Inference API & Endpoints
Hugging Face offers several ways to run models without managing your own GPU infrastructure — from a free serverless API for prototyping to dedicated production endpoints that autoscale with your traffic.
From Free to Production
Free Inference API
The free Inference API lets you run any public model on the Hub via HTTP — no setup, no GPU required. It's a shared resource, rate-limited, and not intended for production. Great for:
- Testing whether a model does what you need before committing to it
- Prototyping and demos where low traffic is fine
- Educational use and experimentation
import requests
API_URL = "https://api-inference.huggingface.co/models/facebook/bart-large-cnn"
headers = {"Authorization": "Bearer hf_your_token_here"}
response = requests.post(API_URL,
headers=headers,
json={"inputs": "Large text to summarize goes here..."}
)
print(response.json()[0]["summary_text"])Rate limits vary by model and your account tier. Free accounts get a reasonable daily quota for experimentation.
Serverless Inference Endpoints
A step up from the free API — you deploy a specific model on Hugging Face infrastructure and pay only for what you use (per token or per second). The endpoint scales to zero when idle. Good for:
- Low-to-medium traffic production apps that don't need consistent latency
- Cost-optimized deployments where cold starts are acceptable
- Private model deployments (your fine-tuned models)
Dedicated Inference Endpoints
Dedicated Endpoints give you a private, always-on GPU instance running a single model. You choose the hardware tier, region, and scaling behaviour. The endpoint gets a private HTTPS URL.
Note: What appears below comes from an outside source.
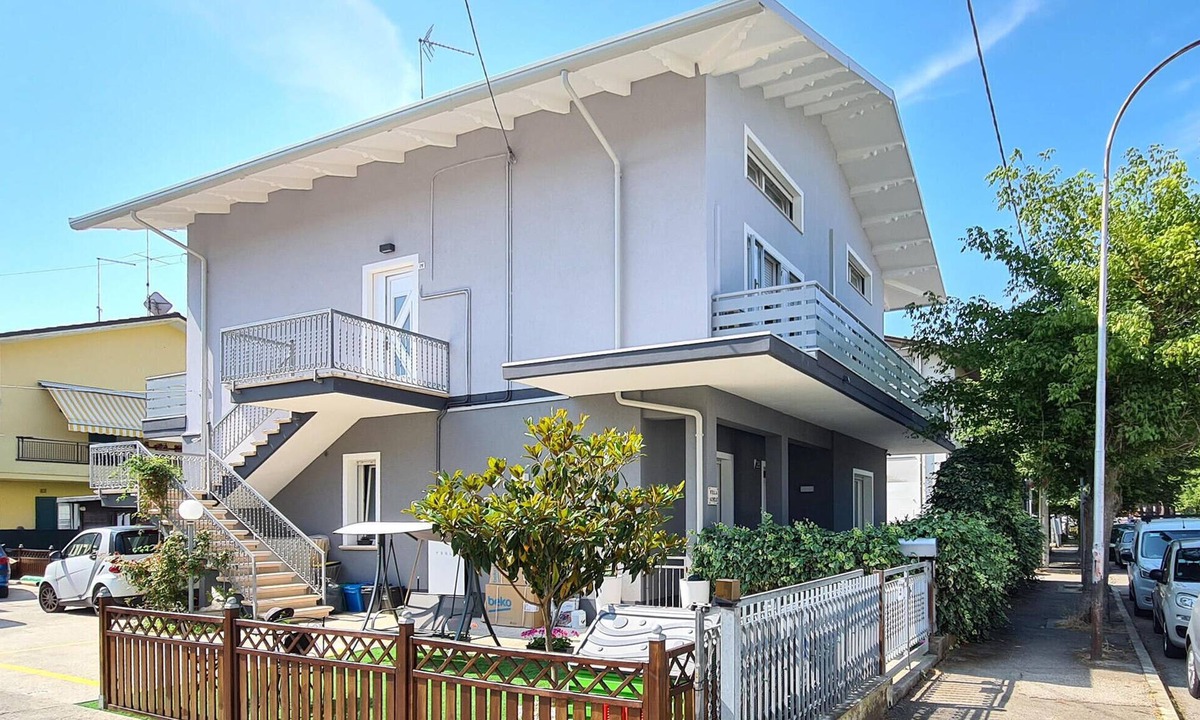 Cattolica Apartment | 2 bedroom beach front apartment in Cattolica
| Tier | GPU | Cost | Good for |
|---|---|---|---|
| CPU Medium | None — CPU only | ~$0.06/hr | Embedding models, classifiers |
| T4 Small | NVIDIA T4 (16 GB) | ~$0.60/hr | 7B models, real-time inference |
| A10G Small | NVIDIA A10G (24 GB) | ~$1.05/hr | 13B models, image generation |
| A10G Large | 4× A10G (96 GB) | ~$3.80/hr | Larger models, higher throughput |
| A100 Large | NVIDIA A100 (80 GB) | ~$3.15/hr | 70B models, high-quality LLMs |
| H100 | NVIDIA H100 (80 GB) | Custom | Frontier inference, maximum speed |
Dedicated Endpoints expose an OpenAI-compatible API by default — meaning you can use the OpenAI Python client pointed at your endpoint URL. For RAG pipelines, TEI embedding endpoints pair well with the vector databases guide.
Text Generation Inference (TGI)
TGI is Hugging Face's high-throughput LLM serving toolkit. It's what powers Dedicated Endpoints for text generation models — and you can also self-host it via Docker for your own infrastructure.
Key features:
- Continuous batching — processes multiple requests simultaneously for maximum GPU utilization
- PagedAttention — memory-efficient KV cache (similar to vLLM)
- Tensor parallelism — spread a model across multiple GPUs
- Speculative decoding — use a small draft model to generate candidate tokens, verified by the main model
- Structured outputs — grammar-constrained generation for reliable JSON output
- OpenAI-compatible API
# Self-host TGI via Docker
docker run --gpus all -p 8080:80 \
-v $HOME/.cache/huggingface:/data \
ghcr.io/huggingface/text-generation-inference:latest \
--model-id mistralai/Mistral-7B-Instruct-v0.3
# Query the server (OpenAI-compatible)
curl http://localhost:8080/v1/chat/completions \
-H "Content-Type: application/json" \
-d '{"model": "tgi", "messages": [{"role": "user", "content": "Hello"}]}'Text Embeddings Inference (TEI)
TEI is TGI's companion for embedding models. It serves models like BAAI/bge-large-en-v1.5 or sentence-transformers/all-MiniLM-L6-v2 at high throughput — useful for RAG pipelines that need to embed millions of documents.
# Self-host TEI via Docker docker run --gpus all -p 8080:80 \ -v $HOME/.cache/huggingface:/data \ ghcr.io/huggingface/text-embeddings-inference:latest \ --model-id BAAI/bge-large-en-v1.5
When to Use Each
- Testing a model quickly
- Educational projects
- Infrequent, low-volume use
- Production with variable/bursty traffic
- Cost-sensitive with acceptable cold starts
- Private fine-tuned model serving
- Consistent low-latency SLA required
- High-throughput production serving
- Regulatory requirement for dedicated resources
- Data sovereignty — model never leaves your infra
- Maximum cost control at scale
- Custom modifications to serving logic
Checklist: Do You Understand This?
- Can you call the free Inference API with a Python requests call?
- Do you know when to use Serverless vs Dedicated Endpoints?
- Can you explain what TGI is and why it's faster than naive inference?
- Do you know the difference between TGI (text generation) and TEI (embeddings)?